The first line of the entries is where the copy starts and the line with "Lovely 5 Seater Sofa 3,2" is where it ends; set down each line exactly, both ends included, and drop pictures.

──────── Data for processing ────────

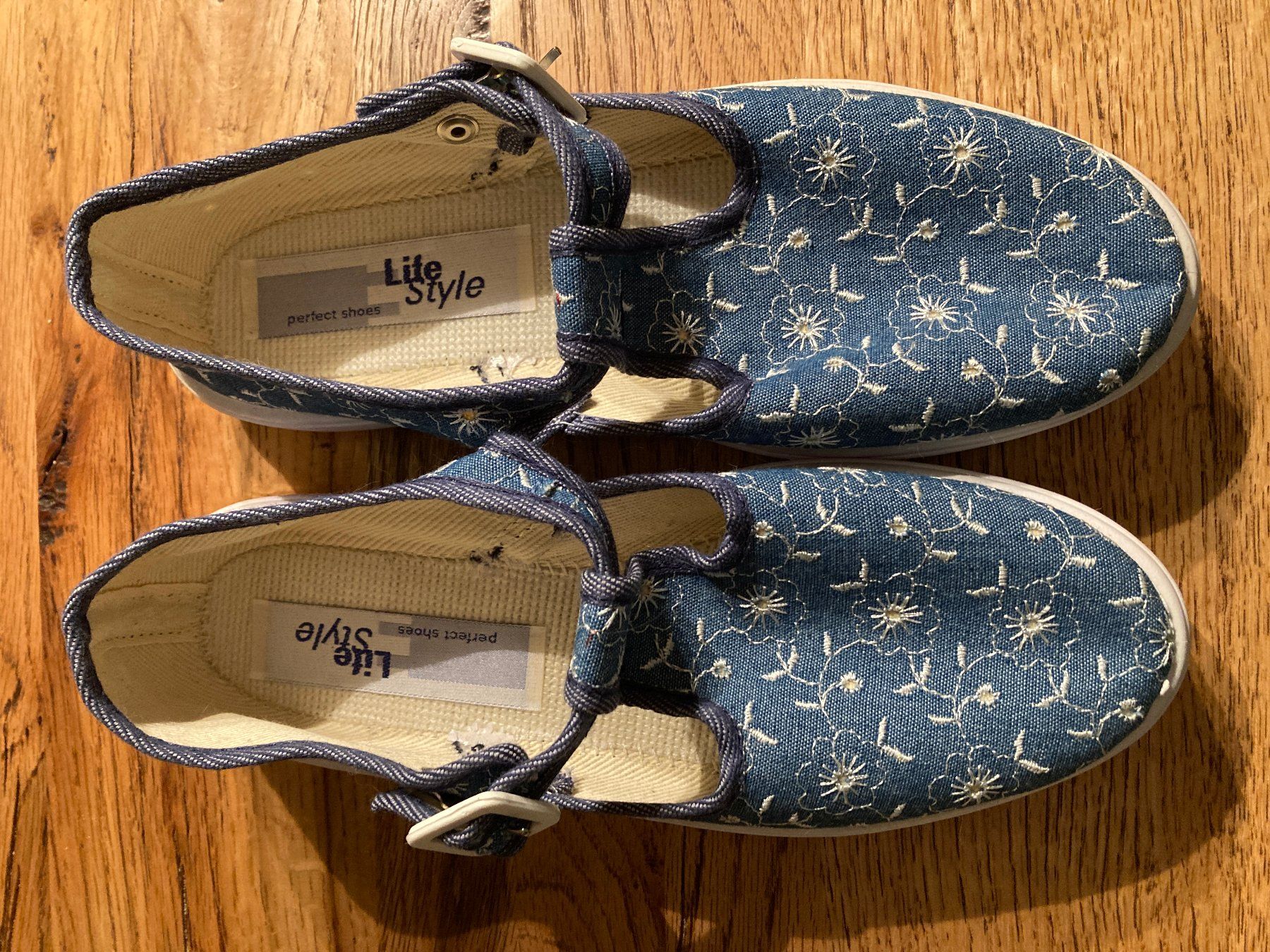 Chaussures filles: Neue Freizeitschuhe Gr. 36 – Neuf (Voir description) à Gossau ZH par Roli1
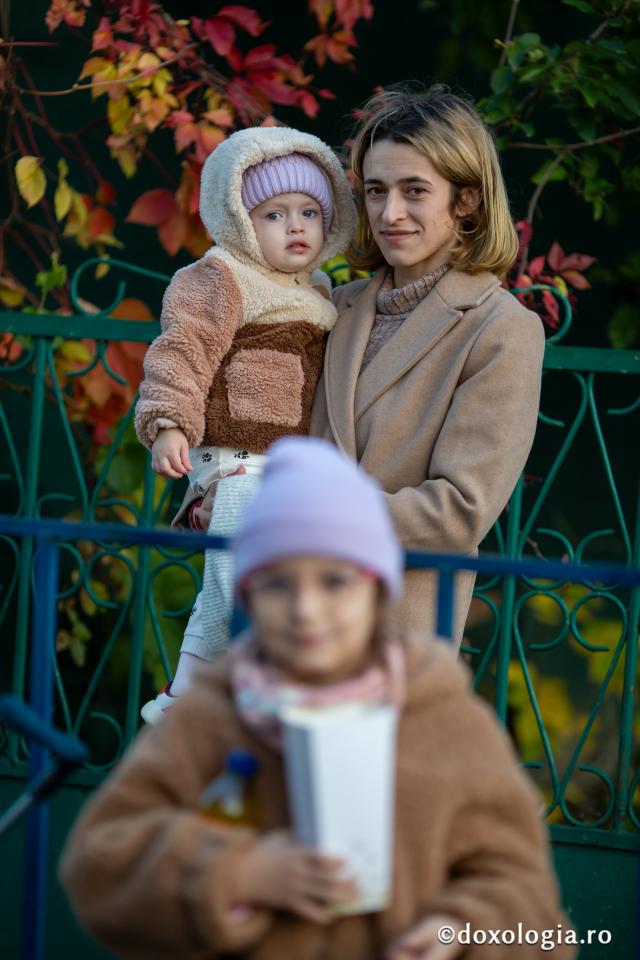 (Foto) Primii pași în taina rugăciunii – copii la hramul Sfintei Parascheva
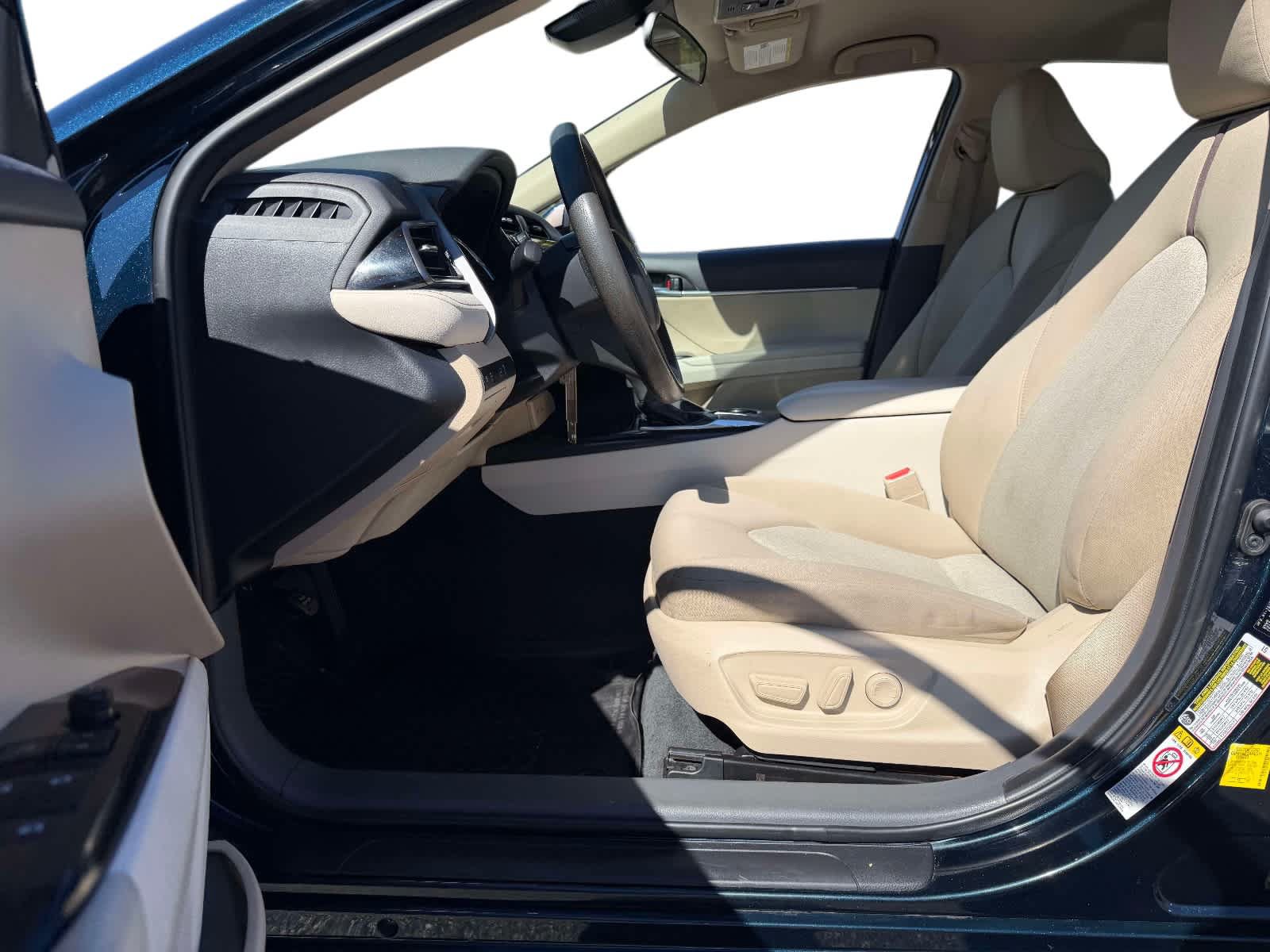 Used 2019 Toyota Camry LE FWD image 9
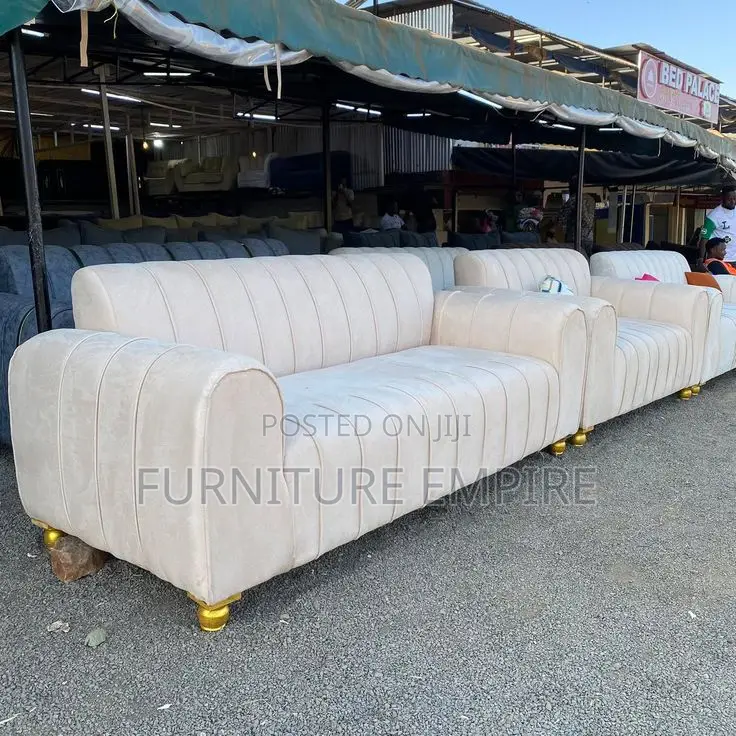 Lovely 5 Seater Sofa 3,2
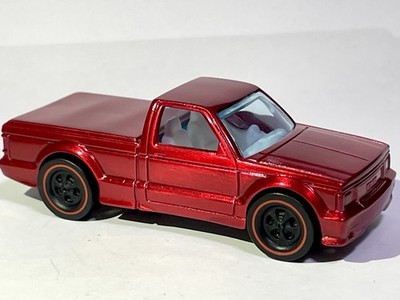   Hot Wheels CUSTOM MADE Redline Hot Trucks '91 GMC Syclone Spectraflame Red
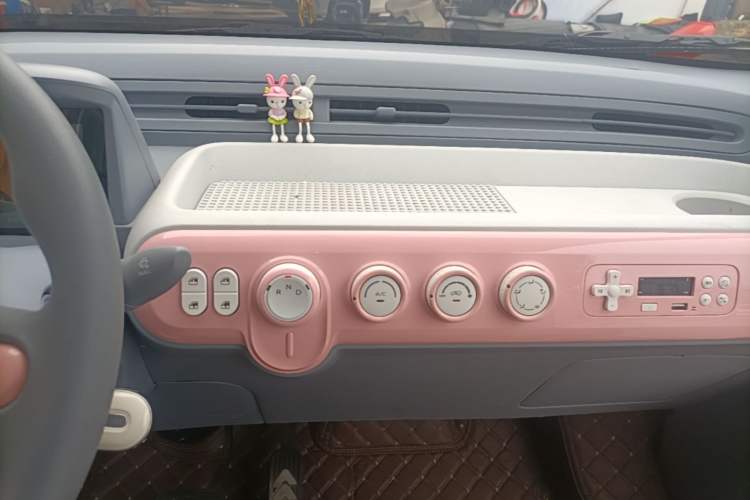 Used Bestune Pony 2024 170km Vitality Horse Audio And AC Panel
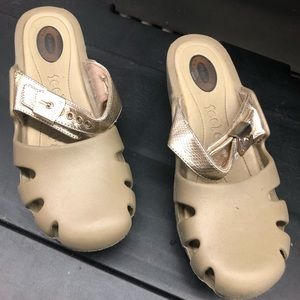 Dr Scholls Clogs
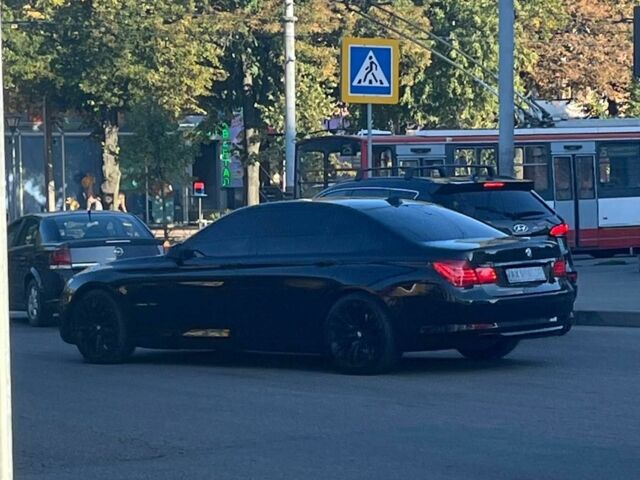 Черный БМВ 7 Серия, объемом двигателя 0 л и пробегом 180 тыс. км за 15500 $, фото 1 на Automoto.ua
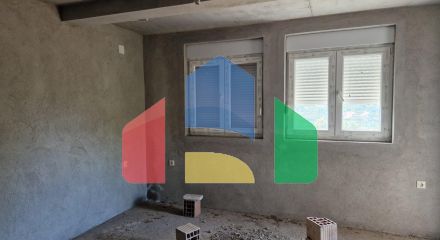 Недостроенная трехэтажная вилла с двумя квартирами в Утехе, Бар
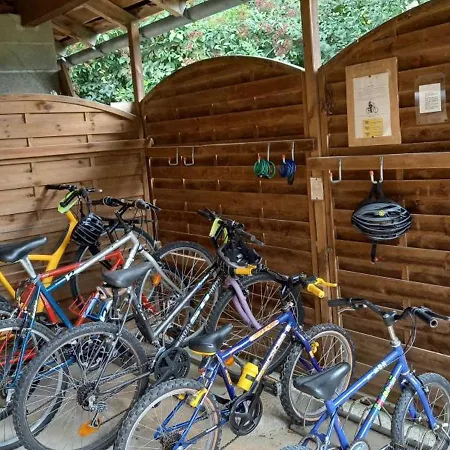 Maison De Plain-pied Avec Jardin Clos, Jeux Enfants, Velos, Animaux Acceptes, Proche Montbron - Fr-1-653-6 * Vouthon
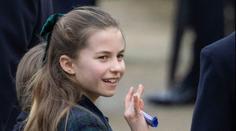Z princezny Charlotte už je slečna. Roste tak rychle, je krásná, žasnou fanoušci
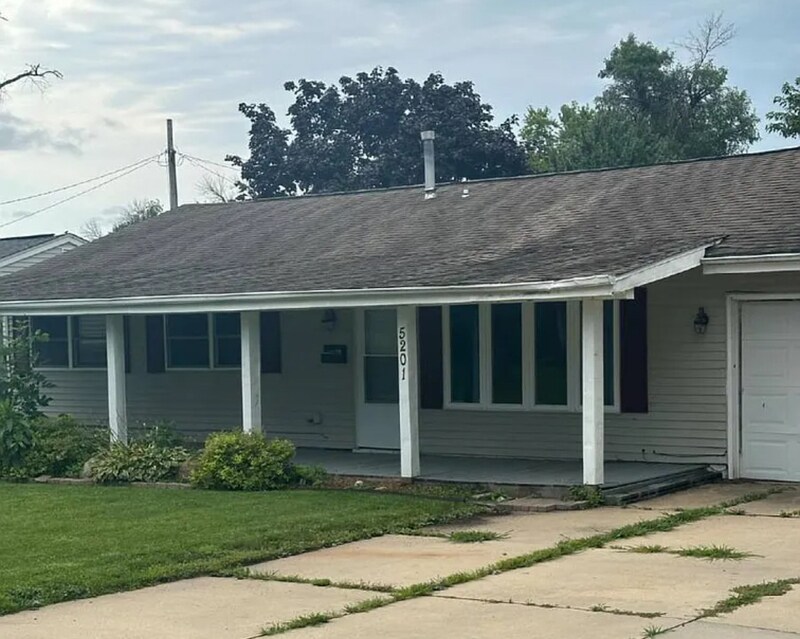 Foto principal - 5201 Harbet Ave NW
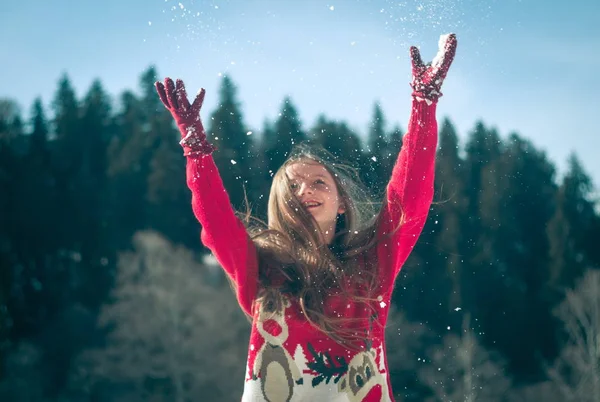 Tjej att ha kul i snön. Vintertid — Stockfoto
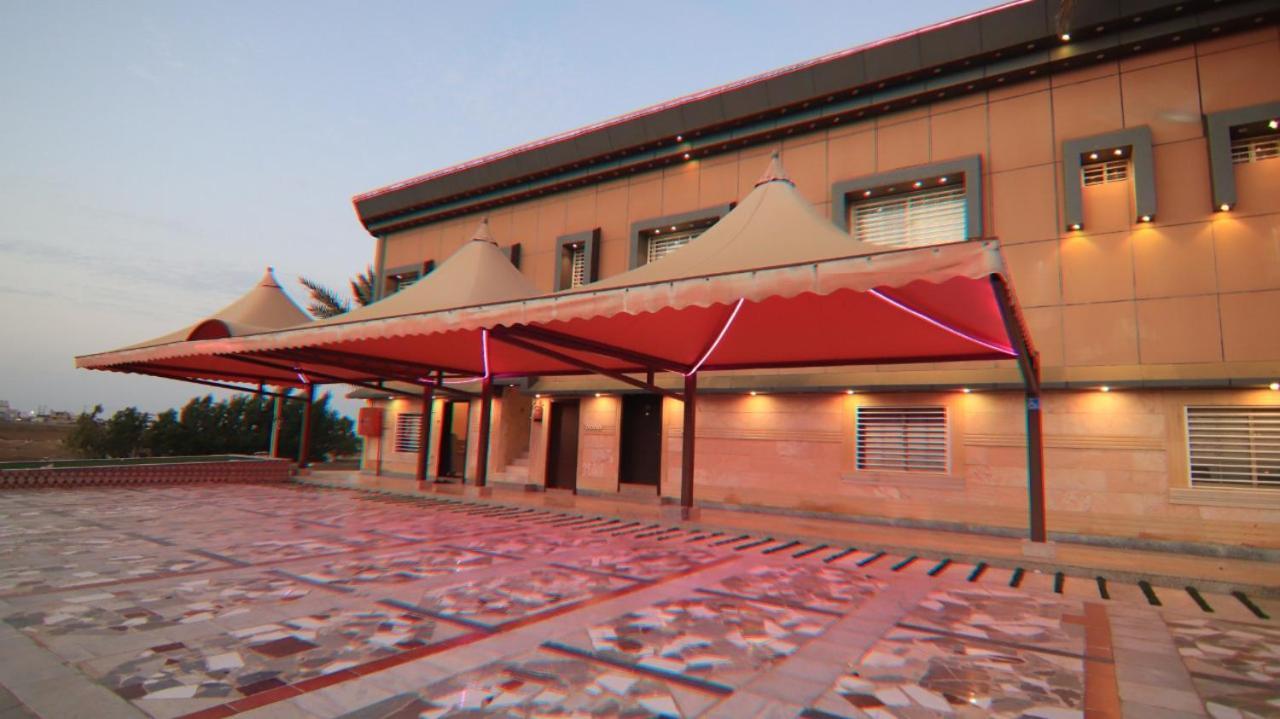منتجع شاطئ العرب - خليج الرايس Rayyis Exterior photo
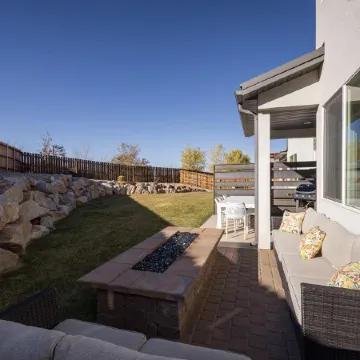 Gorgeous New 4 Bedroom Home Minutes from Arches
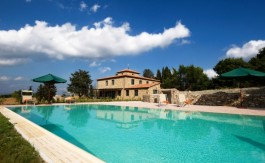 Casale Bellavista villas in Tuscany with heated pool, surrounded by rolling hills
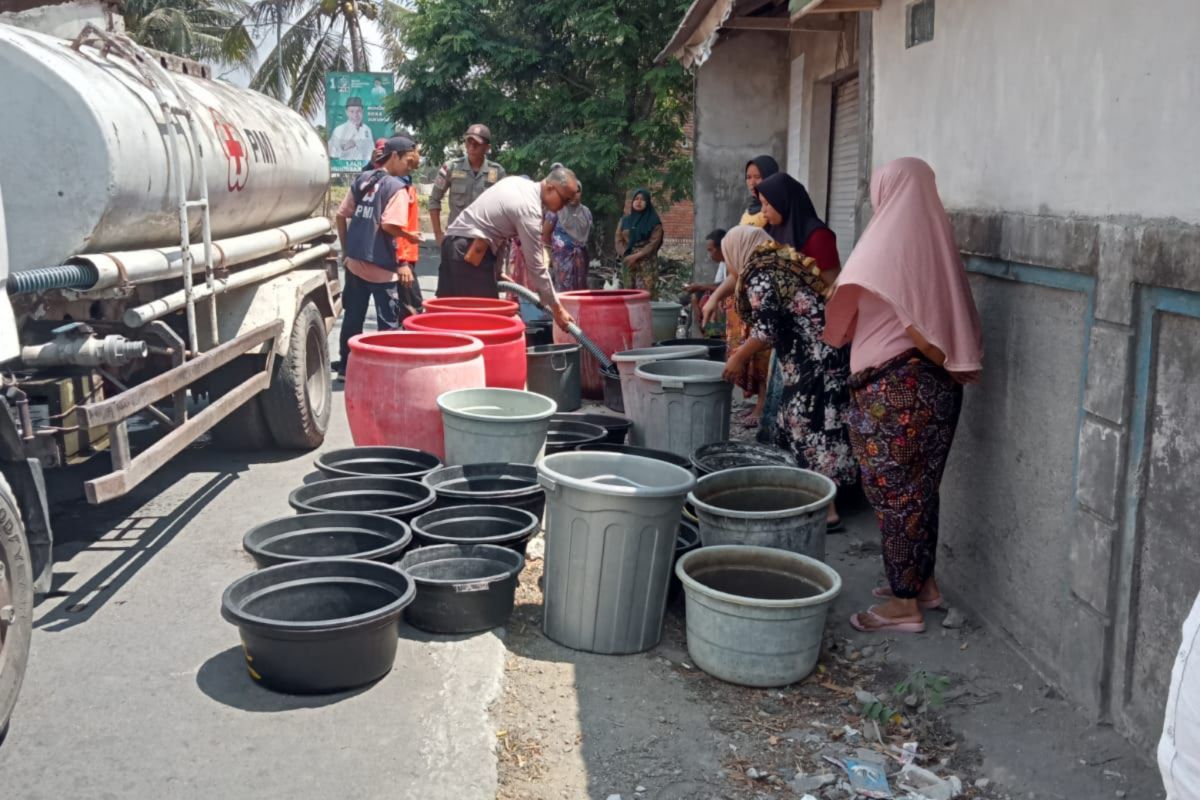 Polisi berkolaborasi dengan PMI Lombok Tengah salurkan air bersih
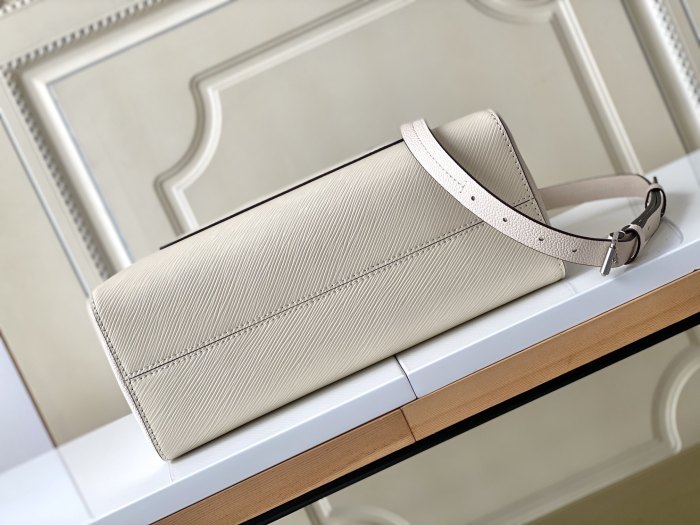 Handbag Louis Vuitton M20520 size 30 x 21 x 13 cm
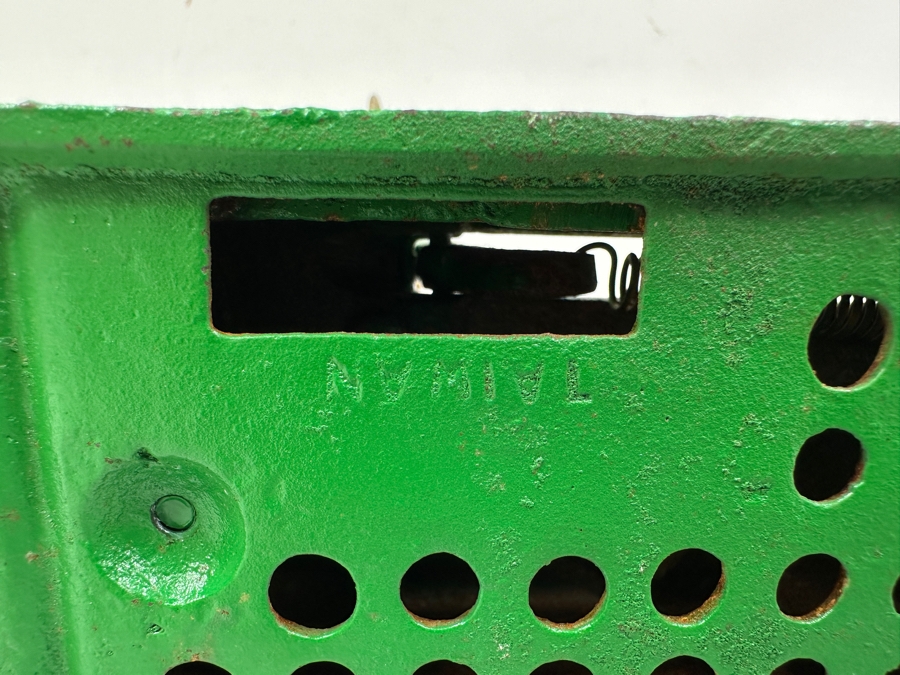 Just Added - Vintage Cast Iron Trick Dog Mechanical Bank 8W X 3D X 7H [Photo 5]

────────

[Problem solution]:
 Chaussures filles: Neue Freizeitschuhe Gr. 36 – Neuf (Voir description) à Gossau ZH par Roli1
 (Foto) Primii pași în taina rugăciunii – copii la hramul Sfintei Parascheva
 Used 2019 Toyota Camry LE FWD image 9
 Lovely 5 Seater Sofa 3,2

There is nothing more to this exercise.